Ausländische Profifußballer müssen in Großbritannien nachweisen, dass kein Brite ihre Arbeit besser machen kann, dazu hat das Innenministerium extra eine Kommission ehemaliger Profis berufen. Und die befand, Scotland sitze zu viel auf der Ersatzbank. Dafür hatten ihn die Zeitungen doch immer gepriesen: Dundees Superjoker, der von der Bank kam und traf. Zehn Stunden hing Scotland in Heathrow fest, dann durfte er mit einem Touristenvisum einreisen. Später rettete ihn der FC Saint Johnstone. „Ich stand vor dem Ende meiner Karriere, das vergisst du nicht.“

Das Geschrei der deutschen Fans hinter ihm schwillt an. Innenverteidiger Marvin Andrew läuft hysterisch winkend vorbei. Er joggt heute nur, wegen seinem Knie. Sein Kreuzband ist kaputt, seit 15 Monaten, doch er weigert sich, es operieren zu lassen. Aus religiöser Überzeugung: „Gott wird es heilen.“ Trinidad scheint ein wahrhaft schottisches Team, jedenfalls in seiner Exzentrik.

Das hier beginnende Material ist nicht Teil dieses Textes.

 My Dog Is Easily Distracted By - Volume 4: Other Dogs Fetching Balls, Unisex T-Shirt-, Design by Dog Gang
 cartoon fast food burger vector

„Unsere Taktik?“, fragt unterdessen Jason Scotland zurück, „meine Taktik oder die vom Trainer?“ Er lacht gern. Für ihn persönlich wird es darum gehen, im ersten Spiel am Samstag gegen Schweden in die Startelf zu kommen. Eine Nation fiebert mit ihm. Unlängst war wieder ein großes Porträtfoto von ihm in einer schottischen Zeitung. „Schottlands offizielles WM-Mannschaftsfoto“, stand darunter.